Best way to update 400,000 entities at once?

Keith Lea

unread,

Feb 7, 2014, 4:43:33 PM2/7/14

to google-a...@googlegroups.com

Hi everyone,

I'm a long time App Engine user for my app's backend, but I'm really still a novice about the datastore.

I'd like to add a new property (and index) for all entities of a certain type. I have about 400,000 of this type of entity in the datastore, and I'd like to load each one, add a property, and save it back to the datastore. 400,000 times.

This will obviously take a long time, so I'd really like to split it up into ~100 tasks that each take 1/100th of the entities (~4,000 entities) and perform this operation.

But I really don't know how to do this using queries, and the Java MapReduce library is overwhelmingly complicated.

So how can I create 100 tasks that each take a unique chunk of the entities to operate on? Is this called "sharding"? Is there a way for a task to say "give me entity #200,000 thru #204,000"? (My entity's keys are strings, which were generated by my application and generally look like "928348-com.example-iOS".)

I'm using Java and Objectify btw. Thanks for any help or guidance!!

Keith

Philip Lodine

unread,

Feb 12, 2014, 11:00:35 AM2/12/14

to google-a...@googlegroups.com

Check out the documentation on App Engine's map/reduce infrastructure -- it takes care of mapping across all of your entities and doing what you want to each of them.

Best,

Phil

de Witte

unread,

Feb 27, 2014, 8:04:02 AM2/27/14

to google-a...@googlegroups.com

Use a backend instance and keep it running until done.

Or

Use two tasks. One for retrieving 1000 keys at the time and a second one to update the entities in a batch of 1000.

Done it for 300.000 entities in less than a 20 mins. ~300 tasks

Op vrijdag 7 februari 2014 22:43:33 UTC+1 schreef Keith Lea:

Tom Kaitchuck

unread,

Feb 28, 2014, 3:49:46 PM2/28/14

to google-a...@googlegroups.com

This is exactly the sort of task the MapReduce was meant for. It should be really a lot easier than managing the partitioning, error recovery, etc yourself.

Take a look at our new docs: https://developers.google.com/appengine/docs/java/dataprocessing/mapreduce_library
hopefully they should make it less overwhelming.

--
You received this message because you are subscribed to the Google Groups "Google App Engine" group.
To unsubscribe from this group and stop receiving emails from it, send an email to google-appengi...@googlegroups.com.
To post to this group, send email to google-a...@googlegroups.com.
Visit this group at http://groups.google.com/group/google-appengine.
For more options, visit https://groups.google.com/groups/opt_out.

de Witte

unread,

Mar 1, 2014, 4:29:27 AM3/1/14

to google-a...@googlegroups.com

I'm sorry but it is not or the documentation is not clear.

From the overview page it looks like I have to create 6 classes.., that is a lot of code and work.

This piece of code from the example page doesn't make me happy.

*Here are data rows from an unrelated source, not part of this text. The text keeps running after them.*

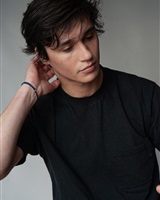 Frédérique Veysset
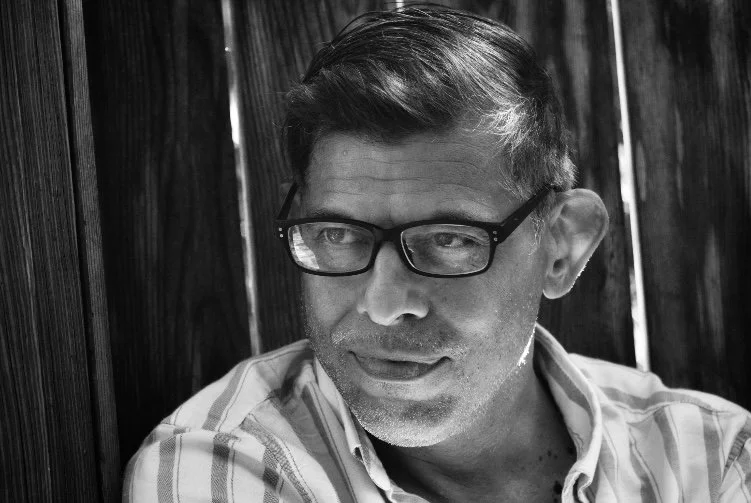Juan C. Sanchez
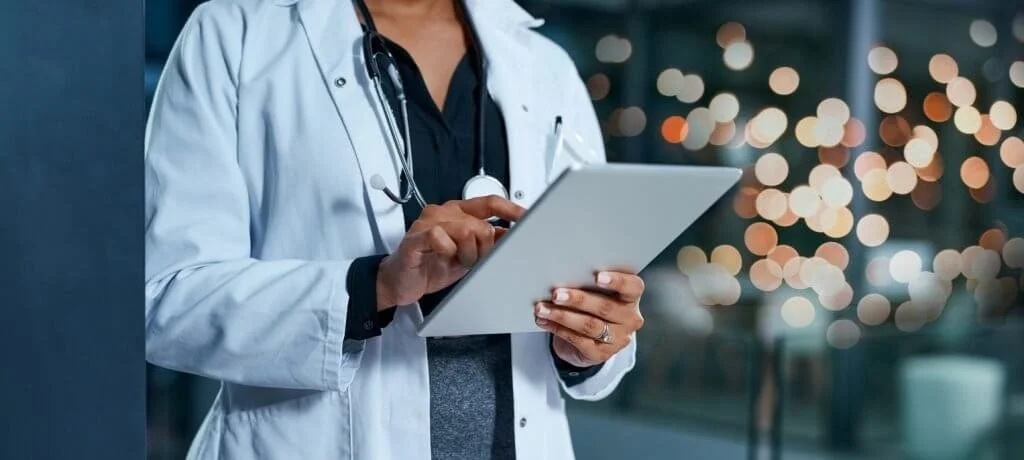 Efficacy Insight: Revealing its Meaning in Clinical Research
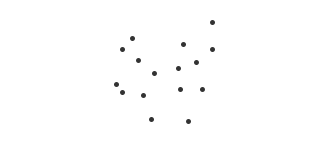 Biểu tượng PM 1.0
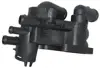 Thermostat, Coolant, POLO 1,4 CGG 032121111CG - Thumbnail 1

Change the tutorial in a real life scenario, for example updating 300.000 entities.

Op vrijdag 28 februari 2014 21:49:46 UTC+1 schreef Tom Kaitchuck:

Lorenzo Bugiani

unread,

Mar 2, 2014, 10:38:32 AM3/2/14

to google-a...@googlegroups.com

Well, if you don't need distributed termination (or, in other words, you don't need to know when the entire job is finished), than you can simply use tasks and cursors.

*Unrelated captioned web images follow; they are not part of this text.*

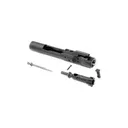 BLACKHEART AR15 BOLT CARRIER GROUP BLK NI - Blackheart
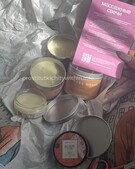 Анкета проститутки Эвелина - метро Дорогомилово, возраст - 24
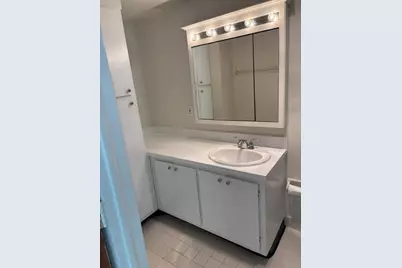 422 SW 9th Street #6, Boca Raton, FL 33432 - Photo 11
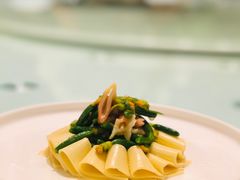 -骏莱海鲜鱼港(五角场店)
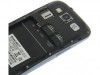 http://https://mocubo.es//p/11941-i9377-mtk6577-android-411-dualsim-gps-capacitiva-lcd-463.html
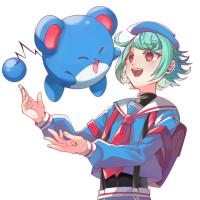 commissions-image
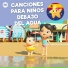 Little Baby Bum en Español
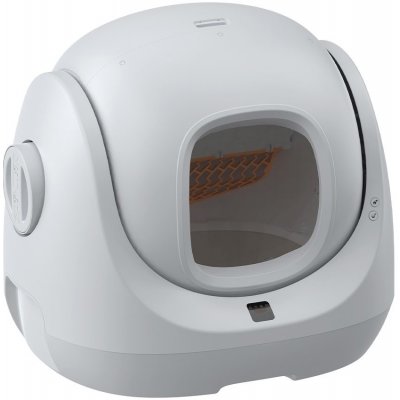 Catlink BayMax Lite Version 59,9 x 53,3 x 54,5 cm – Zboží Dáma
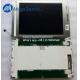 SHARP 9.4inch LM64P723 LCD Panel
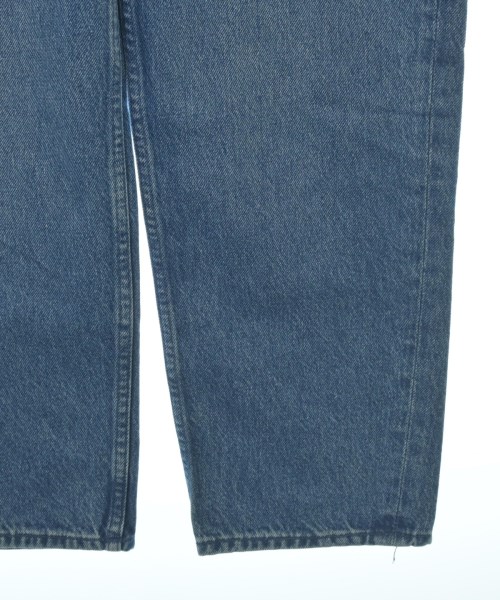 mother（マザー）その他 紺 サイズ:26(M位) レディース/2200631208938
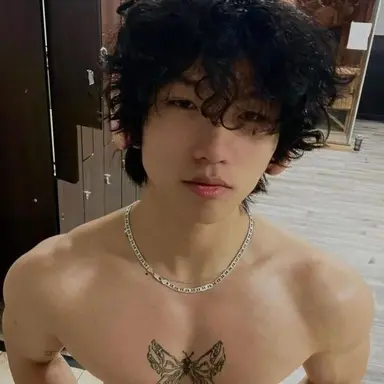 Profile image of Leo
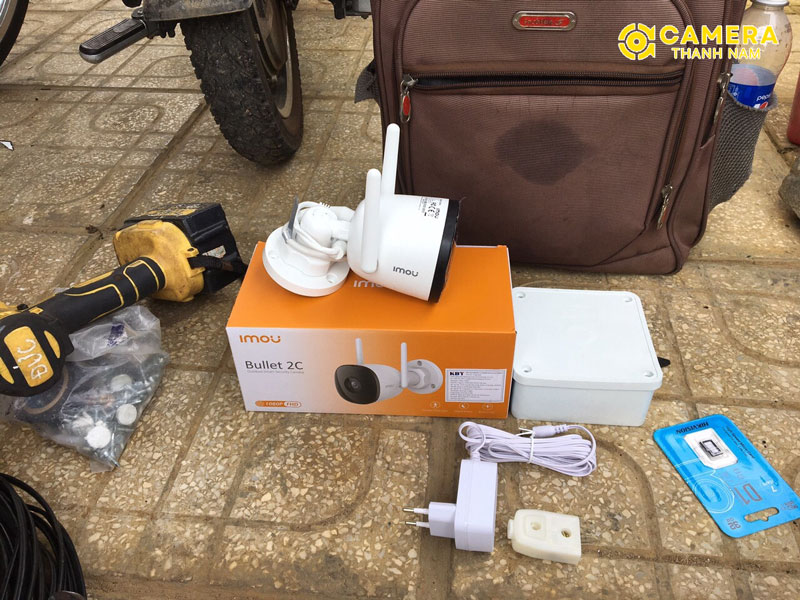 khao-sat-lap-dat-camera-nha-anh-huy-tai-loc-nga-bao-loc-lam-dong-1-camerathanhnam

A main task can execute a query limited by first N results, then launch a task that update those entities. While the other task perform the update, the main task fetch the query cursor and execute another query, asking for the first N results after the cursor, an then launch another task that update those entities, and so on...

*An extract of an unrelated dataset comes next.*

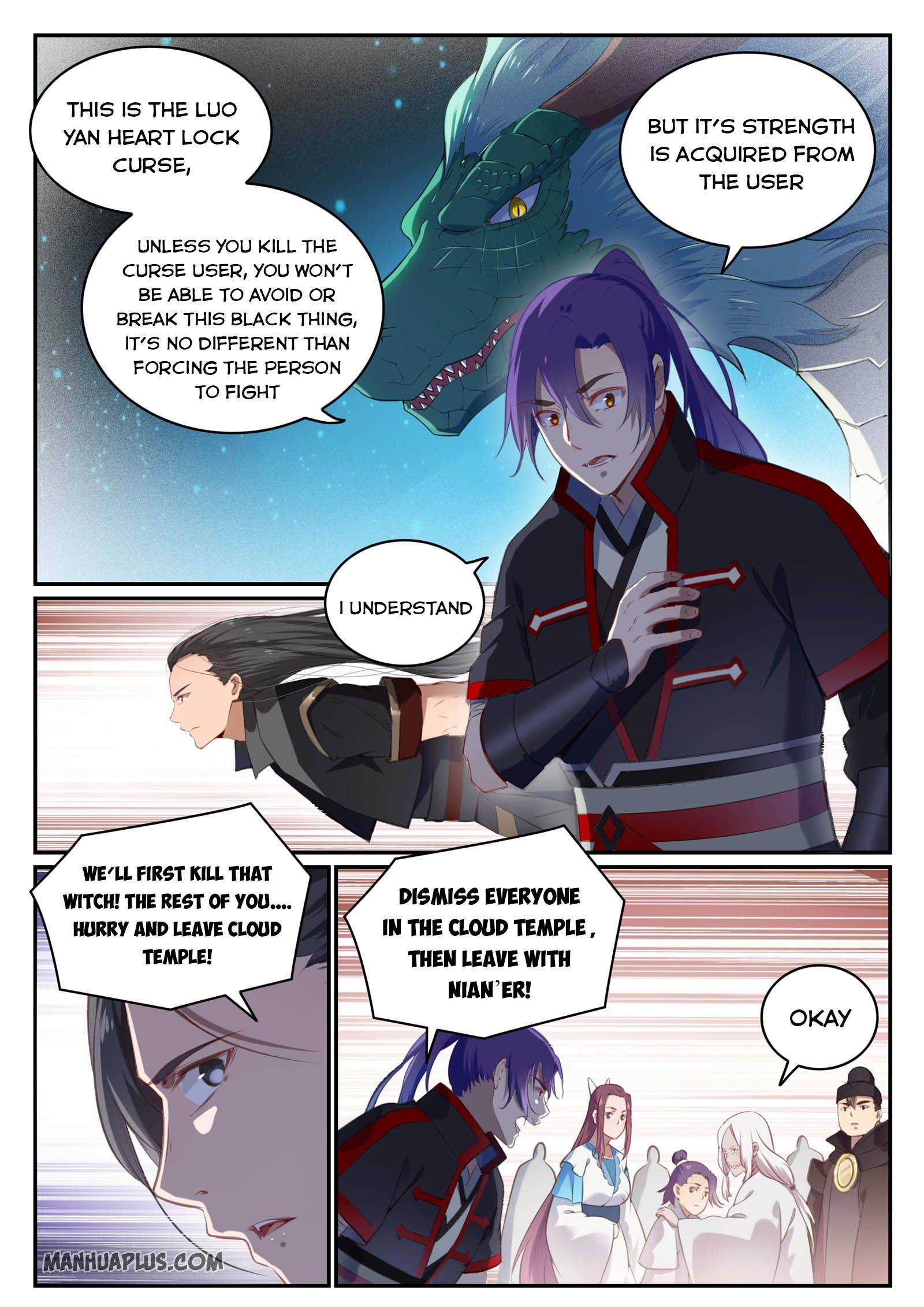 Page 6 of Chapter 717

Read about cursor here for java documentation or here for python docs.

John Wheeler

unread,

Mar 4, 2014, 11:41:48 AM3/4/14

to google-a...@googlegroups.com

Research Bret Slatkin Fan Out

Brandon Wirtz

unread,

Mar 4, 2014, 12:02:50 PM3/4/14

to google-a...@googlegroups.com

We just learned that there is a limit to how fast you can defer to the task queue. You can only have 10 async requests open at a time, so if you try to defer 100 things number 11-100 will fail if the scheduler for task 1 doesn’t respond by the time you get to 11.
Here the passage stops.